链表高频算法题及其解法

整理之后想起来LeetCode自己家出过一个类似的汇总Orz,大概是最近真的太闲了,想整理下刷过的题目,老实讲之前刷的题并不多。 LeetCode领扣的公众号做得很好,有时间回去翻翻看。

单链表反转

题目描述

输入一个链表,反转链表后,输出新链表的表头。

解法:

# -*- coding:utf-8 -*-
# class ListNode:
#     def __init__(self, x):
#         self.val = x
#         self.next = None
class Solution:
    # 返回ListNode
    def ReverseList(self, pHead):
        if pHead == None:
            return pHead
        pre = next = None
        while pHead != None:
            next = pHead.next
            pHead.next = pre
            pre = pHead
            pHead = next
        return pre

链表中环的检测

题目描述

141. Linked List Cycle
Given a linked list, determine if it has a cycle in it.

To represent a cycle in the given linked list, we use an integer pos which represents the position (0-indexed) in the linked list where tail connects to.
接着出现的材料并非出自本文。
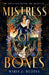 Mistress of Bones by Maria Z. Medina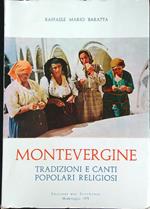 Montevergine. Tradizioni e canti popolari religiosi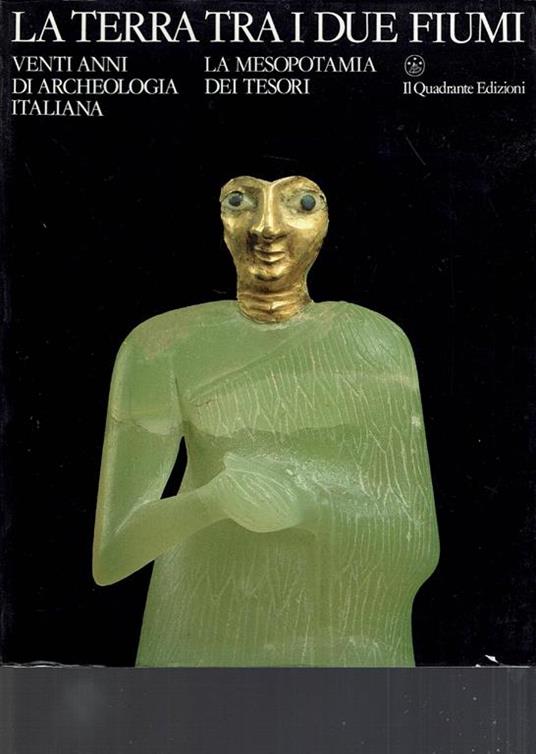 La terra tra i due fiumi : venti anni di archeologia italiana in Medio Oriente : la Mesopotamia dei tesori : Roma, 1987 - copertina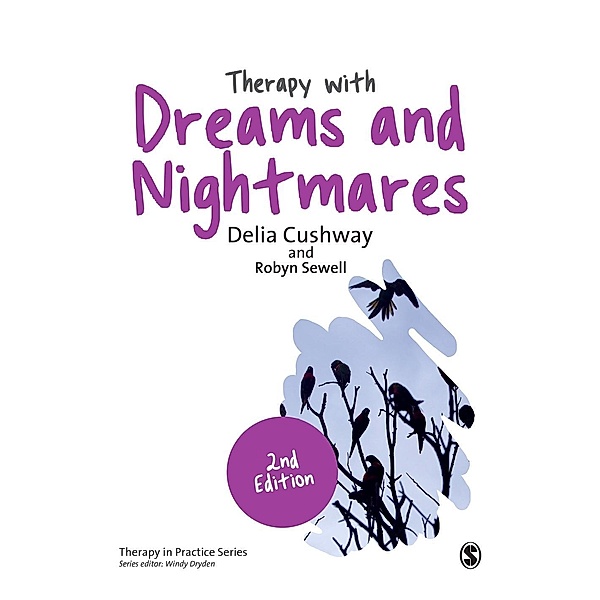 Therapy with Dreams and Nightmares / Therapy in Practice, Delia Joyce Cushway, Robyn Sewell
If pos is -1, then there is no cycle in the linked list.

题解

# Definition for singly-linked list.
# class ListNode(object):
#     def __init__(self, x):
#         self.val = x
#         self.next = None

class Solution(object):
    def hasCycle(self, head):
        """
        :type head: ListNode
        :rtype: bool
        """
        # Given an empty list
        if not head:
            return False

        # Initialize two pointers
        slow = head
        fast = head.next
        while fast and slow:
            # Two pointers would finally come to the same node 
            # when there is a cycle
            if fast == slow:
                return True
            if fast.next:
                fast = fast.next.next
                slow = slow.next
            # fast.next is None means that there is no cycle
            else:
                break

        return False

有序链表合并

题目描述

Merge two sorted linked lists and return it as a new list. The new list should be made by splicing together the nodes of the first two lists.

Example:

Input: 1->2->4, 1->3->4
Output: 1->1->2->3->4->4

题解

# Definition for singly-linked list.
# class ListNode:
#     def __init__(self, x):
#         self.val = x
#         self.next = None

class Solution:
    def mergeTwoLists(self, l1, l2):
        """
        :type l1: ListNode
        :type l2: ListNode
        :rtype: ListNode
        """
        returnNode = ListNode(-1)
        headNode = returnNode

        while l1 != None and l2 != None:
            if l1.val <= l2.val:
                returnNode.next = l1
                l1 = l1.next
            else:
                returnNode.next = l2
                l2 = l2.next
            returnNode = returnNode.next

        if l1 == None:
            returnNode.next = l2
        elif l2 == None:
            returnNode.next = l1

        return headNode.next

删除链表中倒数第n个节点

题目描述

19. Remove Nth Node From End of List

Given a linked list, remove the n-th node from the end of list and return its head.

Example:

Given linked list: 1->2->3->4->5, and n = 2.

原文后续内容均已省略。